(YOUR OBJECTIVE)
Write each line below back out exactly, omitting its pictures.

(Saved entries)
▼
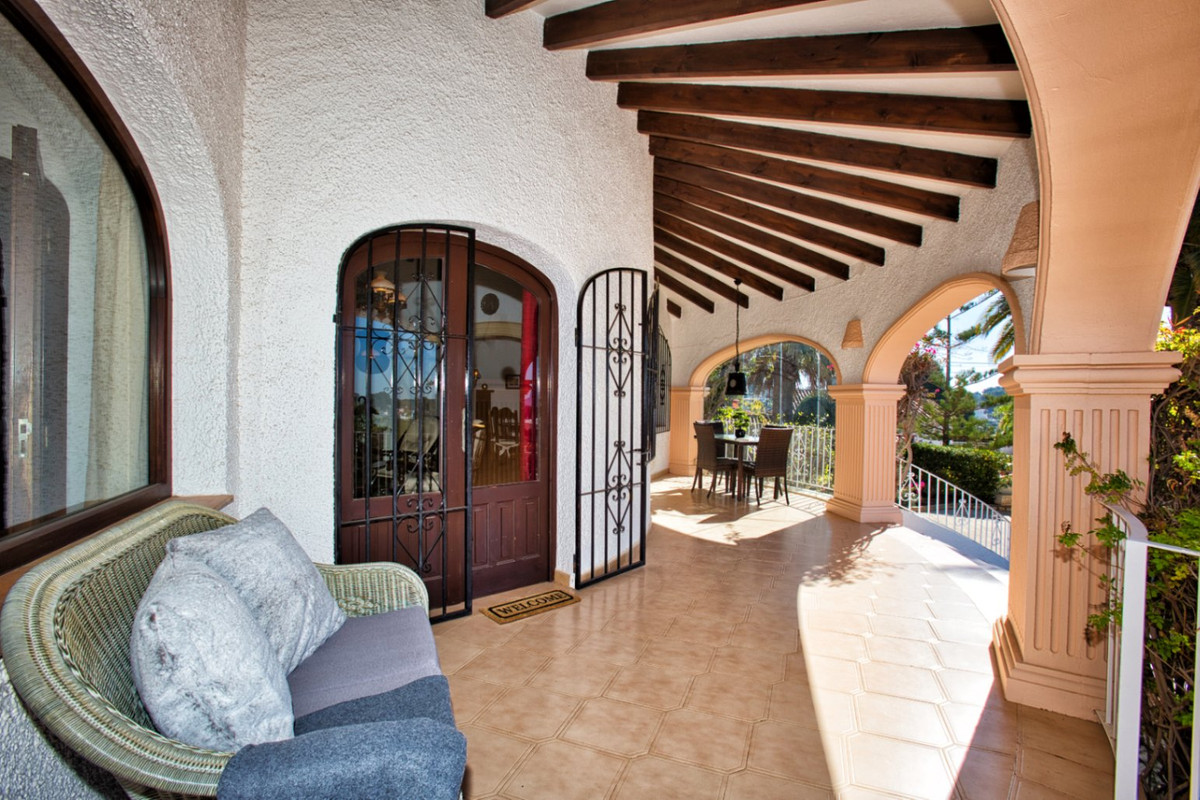 ShowFeedImage House – Detached Villa in Benissa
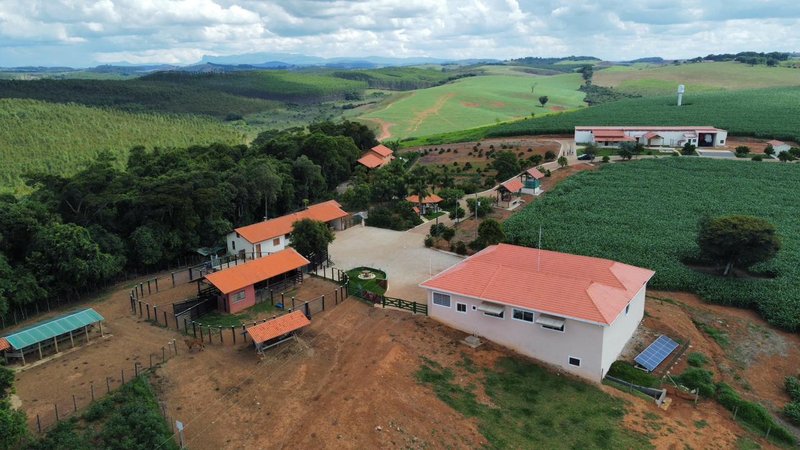 FAZENDA COM 176 HECTARES EM MINDURI MG - MINDURI - 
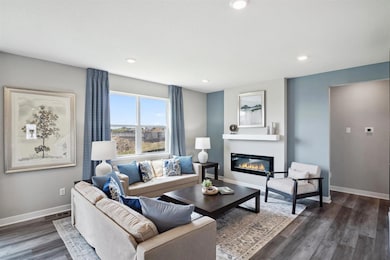 Large living room perfect for entertaining!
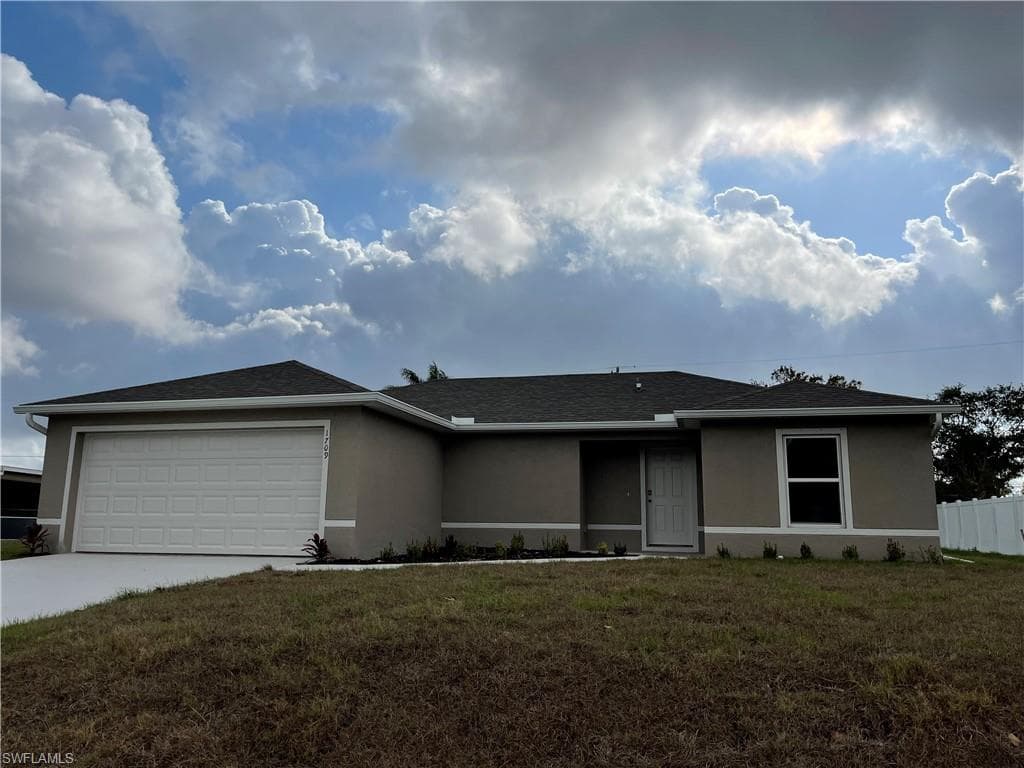 1709 2nd AVE CAPE CORAL, FL 33909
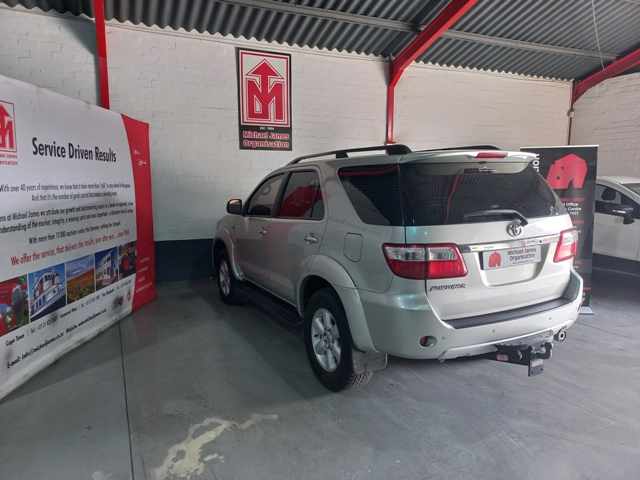 2011 Toyota Fortuner 3.0D (NON RUNNER) thumbnail 6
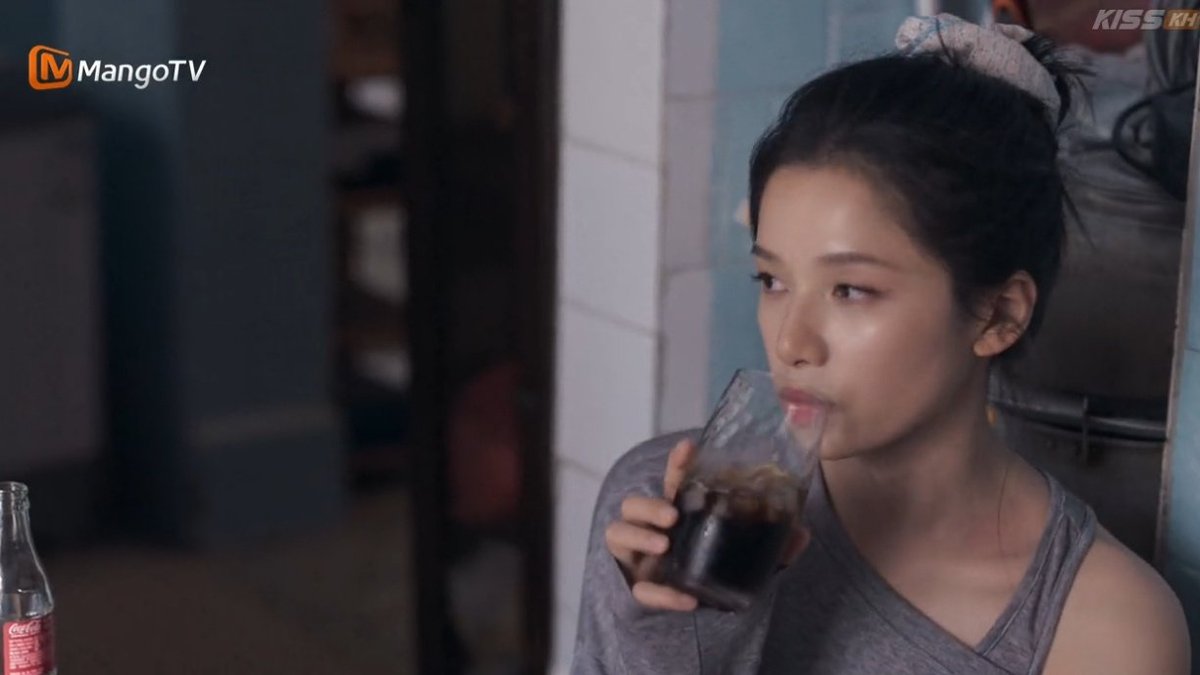 hazarwaell's tweet photo. She makes his heart burn, then gives him a cold drink to cool him down🤭

#LoveForYou https://t.co/Qoxs3UE19G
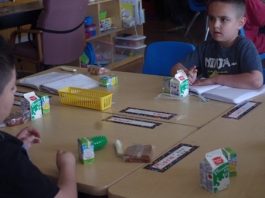 Los maestros con menos experiencia profesional se concentran en escuelas estadounidenses donde hay más estudiantes de bajos recursos económicos o pertenecientes a minoría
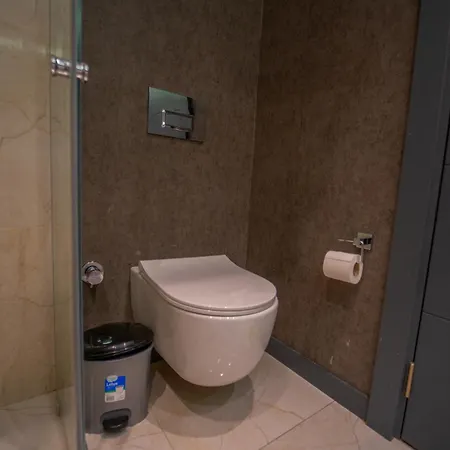 Comfortable 2bedroom In Apartment *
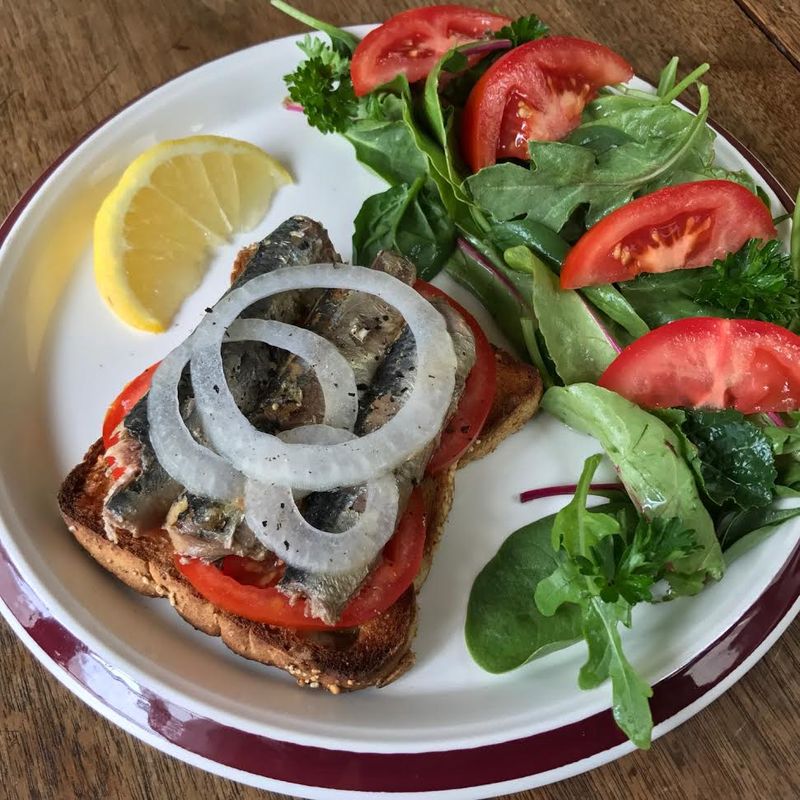 The Sardine And Onion Surprise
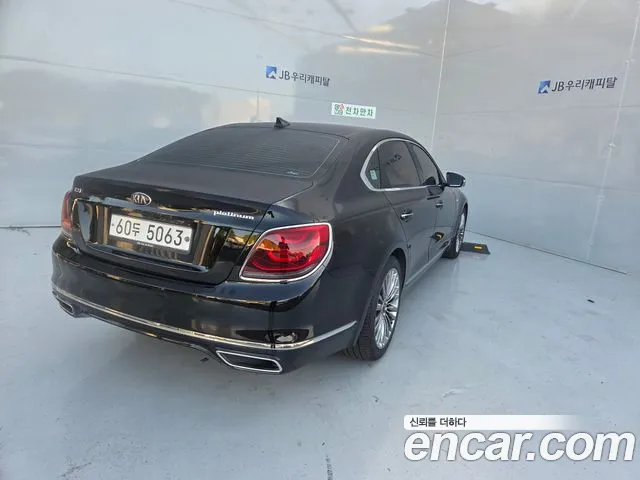 Kia K9 2019 thumb 4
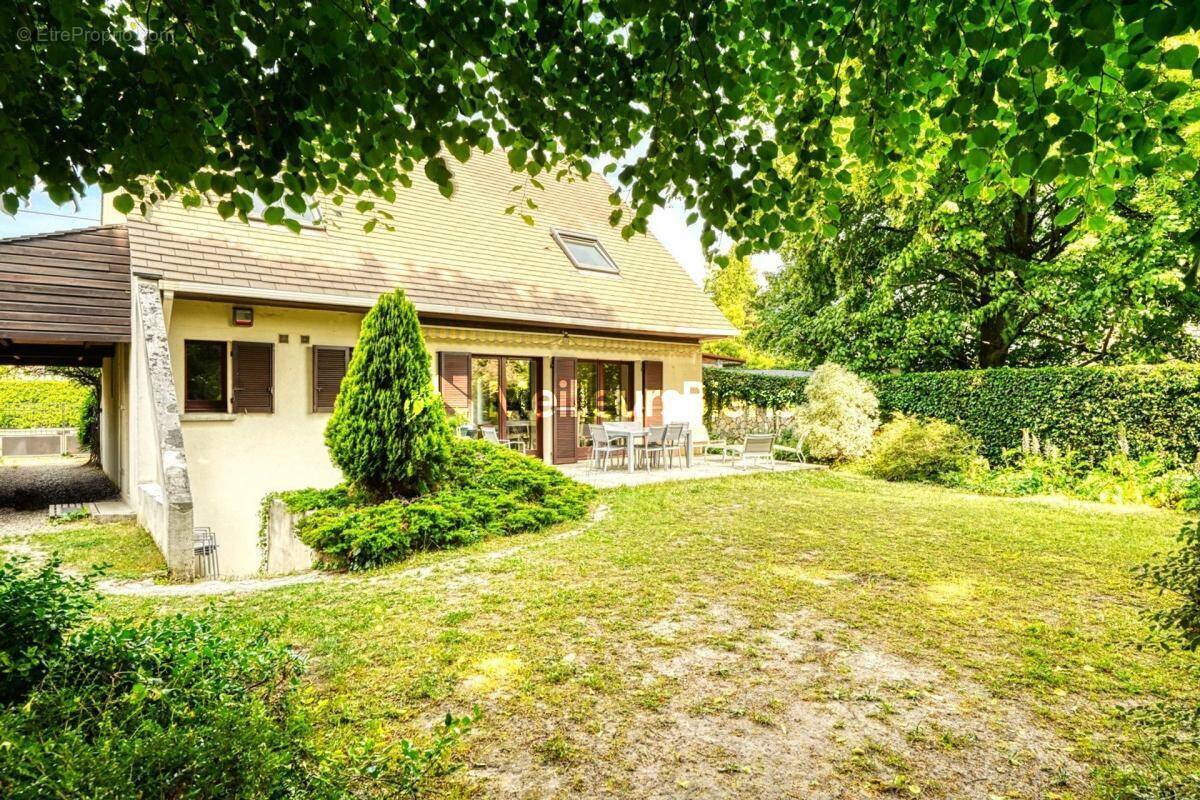 Maison à EAUBONNE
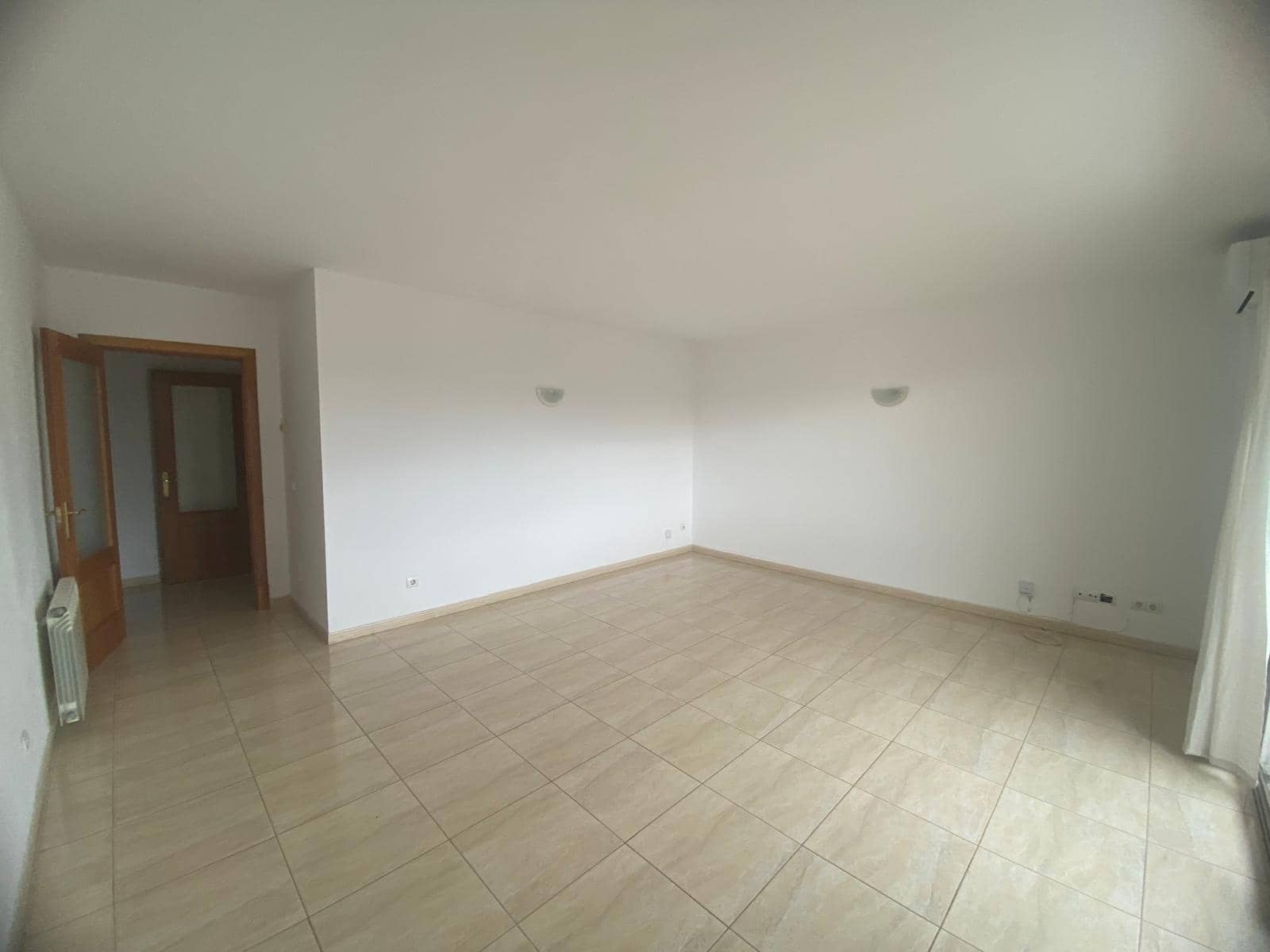2 bedroom Flat for rent in Son Ferriol with garage - € 1,300 (Ref: 9839457)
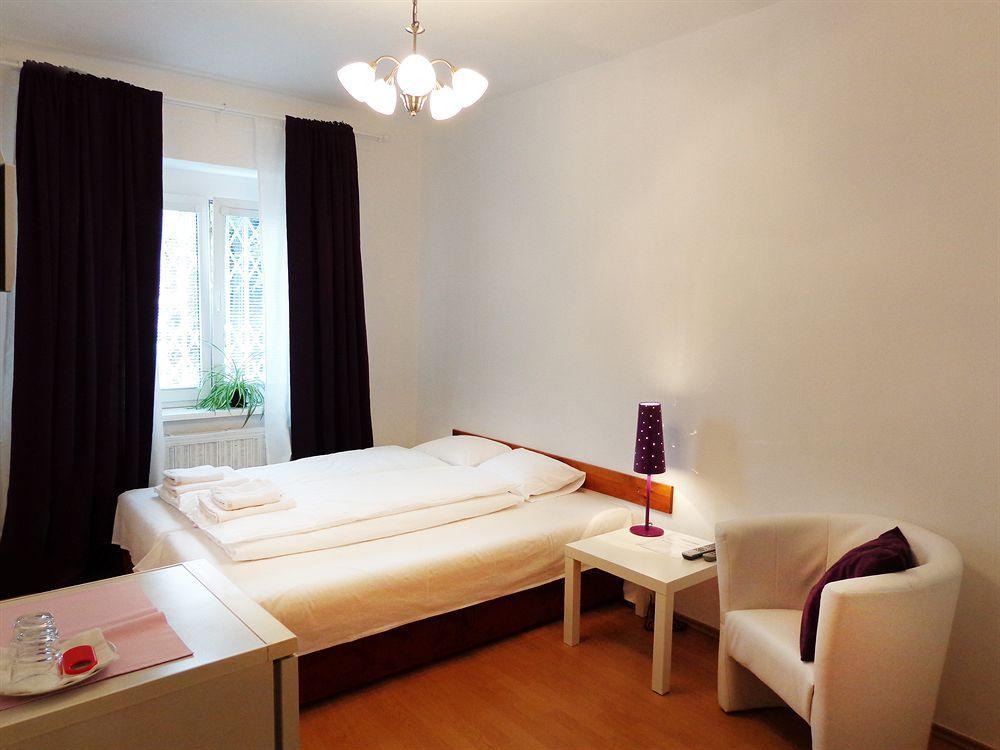 Pension Nika Prague Luaran gambar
▲
(EXERCISE OUTPUT)
 ShowFeedImage House – Detached Villa in Benissa
 FAZENDA COM 176 HECTARES EM MINDURI MG - MINDURI - 
 Large living room perfect for entertaining!
 1709 2nd AVE CAPE CORAL, FL 33909
 2011 Toyota Fortuner 3.0D (NON RUNNER) thumbnail 6
 hazarwaell's tweet photo. She makes his heart burn, then gives him a cold drink to cool him down🤭

#LoveForYou https://t.co/Qoxs3UE19G
 Los maestros con menos experiencia profesional se concentran en escuelas estadounidenses donde hay más estudiantes de bajos recursos económicos o pertenecientes a minoría
 Comfortable 2bedroom In Apartment *
 The Sardine And Onion Surprise
 Kia K9 2019 thumb 4
 Maison à EAUBONNE
2 bedroom Flat for rent in Son Ferriol with garage - € 1,300 (Ref: 9839457)
 Pension Nika Prague Luaran gambar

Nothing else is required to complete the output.